Additionally, it must transform the international financial architecture. Currently, the financing gap for realising the SDGs in Africa stands at $194 billion annually. When so many in the Global South cannot obtain the finance to meet their own development needs - or can only do so by placing themselves under an excessive debt burden – change is clearly needed. Of the eight African countries classified as being in debt distress by the IMF, five are among the ten countries to have seen the least progress in the SDGs since 2015.

Read more in our Global Africa Report.

Data gaps: better data coverage is crucial to SDG realisation

The lack of strong data systems is particularly apparent in Africa, where there is a general lack of comparable data. SDG indicators such as secondary school enrolment and completion have notable gaps. While of the 3 SDGs pertaining to climate change (Goal 13, Goal 14 and Goal 15), only Goal 15 - Life on land has official data for more than 33 African countries. Another issue is the lack of up to date and more specific data provided by National Statistical Offices, who face significant capacity constraints.

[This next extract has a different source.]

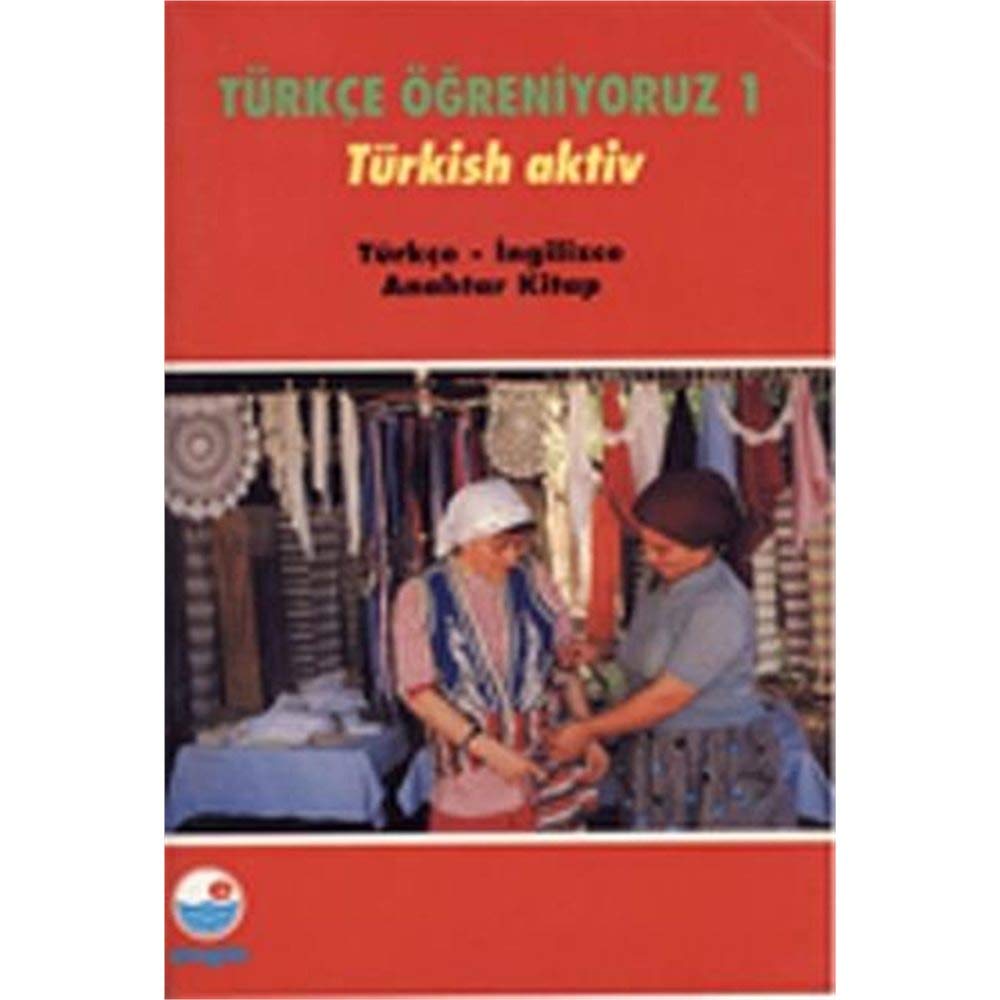 Türçe Öğreniyoruz 1 Türkish Aktiv (Türkçe-İngilizce Anahtar Kitap) Books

Data is missing at a moment in which the demand for data is highest. Statistics are perennially underfunded, currently attracting a mere 0.34% of total Official Development Assistance (ODA). As a result, the funding gap for properly monitoring the SDG indicators stands at approximately $200 million per year. Plugging this gap will be crucial for realisation of the SDGs.

The upcoming Mo Ibrahim Foundation (MIF) report will use the 2022 IIAG to provide a comprehensive mapping of the African data landscape with regards to measuring governance performance – showcasing data availability and highlighting main data gaps.